Survey: IT Pros Have Low Visibility Into Public Cloud Environments

Less than 20 percent of IT professionals say their companies can properly monitor their public cloud environments for security threats and application performance, and most – seven out of 10 – say it’s harder than monitoring company data centers and private cloud.

That’s according to Keysight Technologies’ “The State of Public Cloud Monitoring” research report, which was released this week. Insights from Keysight-owned Ixia’s Application and Threat Intelligence Research Center, a network protection center that monitors security events around the world, prompted the survey of 338 information technology professionals who deploy, develop or manage public cloud applications or infrastructure.

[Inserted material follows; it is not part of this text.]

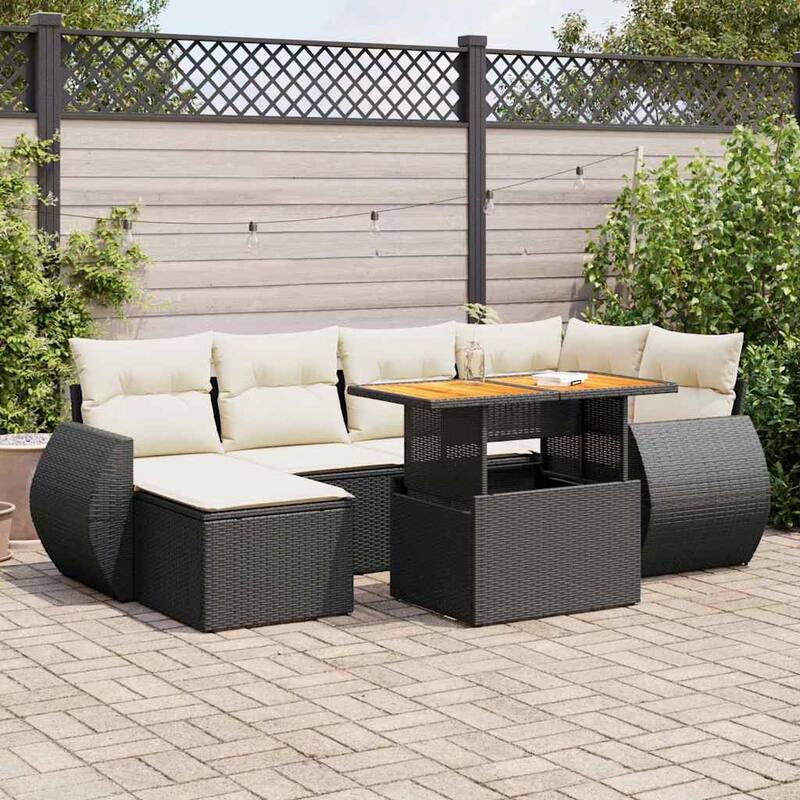 vidaXL Garden Sofa Set Black, Cream White - 21.7 x 39.4 x 28.7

With more and more traffic in the public cloud – 84 percent of companies surveyed increased their public cloud workloads in 2018 -- the volume of threats traffic also is increasing, said Joel Conover, senior director of industry solutions marketing at the Santa Rosa, Calif.-based Keysight.

“There’s always a certain amount of threats that we’re seeing on the internet,” Conover said. “More of it seems to be interacting with the cloud as a result of increased traffic and workloads going to the cloud. We saw an increase in the number of types of exploits that were happening as a result of either cloud misconfiguration or software vulnerabilities in the customers’ cloud workloads.”

Visibility into cloud data and application traffic was cited as the No. 1 concern for 65 percent of IT professionals in the survey conducted by Dimensional Research, but less than 20 percent said they can properly monitor their public cloud environments.

And 87 percent of those surveyed said they fear their lack of public cloud visibility is hiding security threats.

“There’s a huge disparity between the number of people who feel they have the right level of visibility in their traditional infrastructure versus what they think they have over in the cloud,” Conover said.

Eighty-six percent of survey respondents said network packets are key for monitoring network and application performance, and 93 percent stated that packet-level visibility is required for security monitoring.

But while 82 percent of respondents believe they have complete and timely access to network packets to monitor their on-premise data centers -- and 55 percent said that held true for private cloud -- only 15 percent said they had that same network packet access to monitor their public cloud environments, and 19 percent reported that access for hybrid cloud environments.

“There’s a big confidence gap,” Conover said. “All of the security tools that network professionals depend on use packets. In the cloud, they don’t have access to the packets. The packets are all running through there, but the cloud providers don’t feel it’s necessary to provide that access, because they’re providing security at a higher (infrastructure) level.”

Cloud vendors sell services that secure the applications themselves, but that security isn’t sufficient to stop a determined hacker, Conover said.

“So visibility is the answer for what happens when something does get through,” he said. “We figured this out probably a decade ago in our private infrastructure on-premises. Technology-wise we caught up in the cloud, but deployment is lagging.”

IT professionals responsible for hybrid cloud environments are concerned about their inability to fully see and react to what’s happening in their networks, especially as business-critical applications migrate to a virtualized infrastructure, according to Recep Ozdag, general manager and vice president of product management for Ixia’s solutions group.

“This lack of visibility can result in poor application performance, customer data loss and undetected security threats, all of which can have serious consequences to an organizations’ overall business success,” Ozdag said in a statement.

Forty-eight percent of survey participants reported that a lack of both public cloud and private cloud visibility delays troubleshooting application performance issues, while 40 percent said it delays troubleshooting network performance issues.

Thirty-eight percent reported an application outage, 31 percent reported an inability to monitor workload performance, and 31 percent also reported a network outage. Seventeen percent of the IT professionals cited an inability to prevent a security attack or threat, while 5 percent said they had no issues related to a lack of visibility.

Only 45 percent of IT professionals believe their public cloud vendors provide sufficient monitoring, according to the survey results.

“There’s a growing awareness you’re not going to get everything you need from the cloud vendor,” Conover said. “When this transition (to the cloud) started, the cloud vendors would promise that between their ecosystem and their infrastructure that they provide that. I’m not saying they don’t, but it’s not a one-size fits all. It’s not something that you can bundle in with basic cloud services. People are waking up to the fact they need to do something about this.”

Almost all survey respondents -- 99 percent -- said they get direct business value form comprehensive cloud visibility.

Sixty- percent of those surveyed said having cloud visibility helps their monitoring solutions identify performance degradation, and 59 percent said it enables their threat prevention solutions to identify malicious traffic by source.

Fifty-seven percent of survey participants said cloud visibility allows their security monitoring solutions to detect “indicators of compromise,” while 56 percent said it allows them to monitor traffic at every link of their network.